Another episode of creative hearing, reported by tia2d: “We were talking with a group of friends about the ways we are aging, with vision and hearing and other problems. One friend said he was talking to a neighbor and she told him: ‘I screwed a guy in Mexico.’ This was totally not the kind of things they had talked of before, and his face must have shown his shock and confusion.

“She asked: ‘What do you think I said?’ He told her, and she said: ‘No! I scuba-dived in Mexico.’

“Life becomes more exciting/interesting with creative hearing.”

Could be verse!

Sally, the cleaning lady of Shoreview: “At 104, my aunt can still bring a smile.

“A poem by Carol Robertson, formerly Centenarian Sue and Nonagenarian Nana“:

104

My hair got gray, my butt got flat
My bosom — hate to think about that
My eyes got bleary, my legs got weary
My skin got crepey, my neck got drapey
Can’t drive my car, can’t travel far
Don’t even try to reach up high
Nothing’s working really well
Even the libido’s gone to hell

But I still can stand upon my feet
And I really do love to drink and eat
I’ve my family and friends . . . that joy never ends
There’s music to hear and books to be read
There’s the beauty of nature, there’s laughter ahead
So now I’m thinking, truth to be told
I’m still the same “I” . . . just my body got old!

Our husbands, our pets, ourselves

DebK of Rosemount: “Taxman has a reputation for thrift that is contradicted by two situations that invariably overcome his habits of frugality.

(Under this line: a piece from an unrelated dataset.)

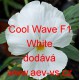 Maceška zahradní převislá Cool Wave F1 White
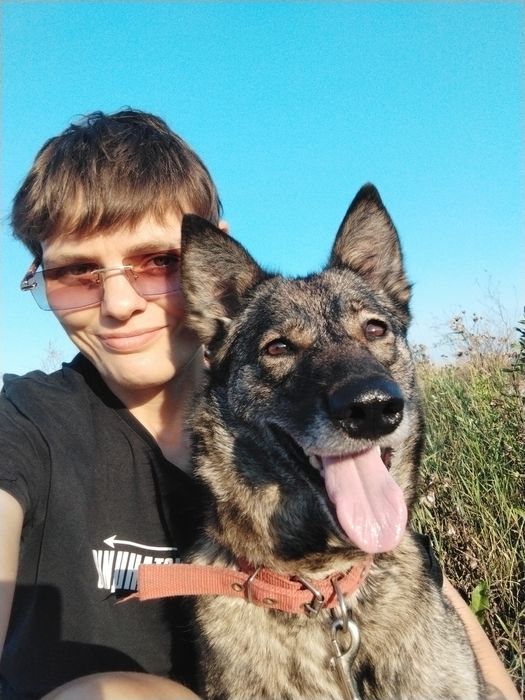 Собака в поиске дома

“In the last decade or so, the more troublesome has been his favorite retailer’s recurring siren song: ‘11% off everything in the store.’ But in the years before he became a pretend farmer, Taxman’s grip on his wallet was most frequently loosened by TV pitchman Ron Popeil, with whom Taxman kept company while I was otherwise occupied — grading student essays or directing the parish choir, perhaps. Such periods of inadequate supervision resulted in Taxman’s purchasing an array of products ‘guaranteed’ to make my life easier: Kitchen Magician, Veg-o-matic, Splatter Screen, Ginsu steak knives, and the like. Very often, because Taxman kept the telephone and his credit card at the ready, he was able to act in time to snare a pair of these items for the price of one — plus separate shipping and handling.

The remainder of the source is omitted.